6
votes

The following is quoted from the GHC user guide (Haskell Platform 2012.4.0.0)...

7.6.1.3. Class method types

Haskell 98 prohibits class method types to mention constraints on the class type variable, thus:

class Seq s a where
  fromList :: [a] -> s a
  elem     :: Eq a => a -> s a -> Bool

The type of elem is illegal in Haskell 98, because it contains the constraint Eq a, constrains only the class type variable (in this case a). GHC lifts this restriction (flag -XConstrainedClassMethods).

However, I don't see any explanation of what this means. I can see two possibilities...

  1. The Seq type class implicitly gains the Eq a constraint from elem.
  2. The elem method cannot be used for type class Seq in cases where a is not a member of class Eq (or where it is a member, but that's unknown where elem is used).

I strongly suspect (2) because it seems potentially useful whereas (1) seems useless. (2) basically allows methods to be defined for cases where they can be supported, without limiting the typeclass to only being instanced for those cases.

The example seems to motivate exactly this - the idea being that elem is often a useful operation for sequences, too valuable to live without, yet we also want to support those sequences where elem is unsupportable, such as sequences of functions.

Am I right, or have I missed something? What are the semantics for this extension?

1
Interesting, constrained method types seem to be always accepted regardless of whether you have -XHaskell98 enabled. I filed a ticket.Mikhail Glushenkov
@Mikhail Glushenkov - I didn't think this was part of Haskell 2010 either (could be wrong).Steve314

1 Answers

7
votes

NOTE: it seems like there is a bug in GHC >= 7 that makes GHC accept constrained class methods even in Haskell 98 mode.

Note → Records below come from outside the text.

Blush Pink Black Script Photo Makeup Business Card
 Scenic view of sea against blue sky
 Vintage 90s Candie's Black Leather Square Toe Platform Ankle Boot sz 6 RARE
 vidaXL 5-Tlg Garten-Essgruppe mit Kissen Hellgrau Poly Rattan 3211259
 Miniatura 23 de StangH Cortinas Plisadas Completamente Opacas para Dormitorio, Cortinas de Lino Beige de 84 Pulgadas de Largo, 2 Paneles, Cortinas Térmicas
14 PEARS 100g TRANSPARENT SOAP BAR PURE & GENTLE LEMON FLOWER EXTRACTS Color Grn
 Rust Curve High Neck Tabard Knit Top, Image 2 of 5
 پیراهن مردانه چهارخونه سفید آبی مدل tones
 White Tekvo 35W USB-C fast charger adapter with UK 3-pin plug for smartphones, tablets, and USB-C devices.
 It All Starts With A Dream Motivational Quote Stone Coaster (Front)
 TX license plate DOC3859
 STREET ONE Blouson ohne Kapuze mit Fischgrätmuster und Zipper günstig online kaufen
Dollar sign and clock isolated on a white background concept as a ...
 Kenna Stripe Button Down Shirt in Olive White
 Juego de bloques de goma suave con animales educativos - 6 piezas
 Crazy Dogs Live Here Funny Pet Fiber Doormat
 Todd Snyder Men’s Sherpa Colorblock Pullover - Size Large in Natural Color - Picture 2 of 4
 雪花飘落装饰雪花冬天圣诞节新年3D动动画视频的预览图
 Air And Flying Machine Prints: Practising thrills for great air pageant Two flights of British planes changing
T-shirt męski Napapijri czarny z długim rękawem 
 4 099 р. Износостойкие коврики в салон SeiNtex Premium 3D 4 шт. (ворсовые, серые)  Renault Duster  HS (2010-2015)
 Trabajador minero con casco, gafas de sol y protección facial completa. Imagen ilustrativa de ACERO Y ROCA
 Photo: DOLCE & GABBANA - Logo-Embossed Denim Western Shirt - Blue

Additionally, the example from the manual is always accepted when MultiParamTypeClasses are enabled, regardless of whether the ConstrainedMethodTypes extension is on (also likely a bug).


In the type of elem:

elem     :: Eq a => a -> s a -> Bool

a and s are class type variables, and Eq a is a constraint on the class type variable a. As the manual says, Haskell 98 prohibits such constraints (FWIW, it also prohibits multi-parameter type classes). Therefore, the following code shouldn't be accepted in the Haskell 98 mode (and I think it's also prohibited in Haskell 2010):

class Compare a where
  comp :: Eq a => a -> a -> Bool

And indeed, GHC 6.12.1 rejects it:

Prelude> :load Test.hs
[1 of 1] Compiling Main             ( Test.hs, interpreted )

Test.hs:3:0:
    All of the type variables in the constraint `Eq a'
    are already in scope (at least one must be universally quantified here)
        (Use -XFlexibleContexts to lift this restriction)
    When checking the class method: comp :: (Eq a) => a -> a -> Bool
    In the class declaration for `Compare'
Failed, modules loaded: none.
Prelude> :set -XConstrainedClassMethods
Prelude> :load Test.hs
[1 of 1] Compiling Main             ( Test.hs, interpreted )
Ok, modules loaded: Main.

The idea is that superclass constraints should be used instead:

class (Eq a) => Compare a where
  comp :: a -> a -> Bool

Regarding semantics, you can easily check whether a class method constraint implicitly adds a superclass constraint with the following code:

{-# LANGUAGE ConstrainedClassMethods #-}
module Main where

class Compare a where
  comp :: (Eq a) => a -> a -> Bool
  someMethod :: a -> a -> a

data A = A deriving Show
data B = B deriving (Show,Eq)

instance Compare A where
  comp = undefined
  someMethod A A = A

instance Compare B where
  comp = (==)
  someMethod B B = B

Testing with GHC 6.12.1:

*Main> :load Test.hs
[1 of 1] Compiling Main             ( Test.hs, interpreted )
Ok, modules loaded: Main.
*Main> comp A

<interactive>:1:0:
    No instance for (Eq A)
      arising from a use of `comp' at <interactive>:1:0-5
    Possible fix: add an instance declaration for (Eq A)
    In the expression: comp A
    In the definition of `it': it = comp A
*Main> someMethod A A
A
*Main> comp B B
True

Answer: no, it doesn't. The constraint applies only to the method that has a constrained type. So you are right, it's the possibility #2.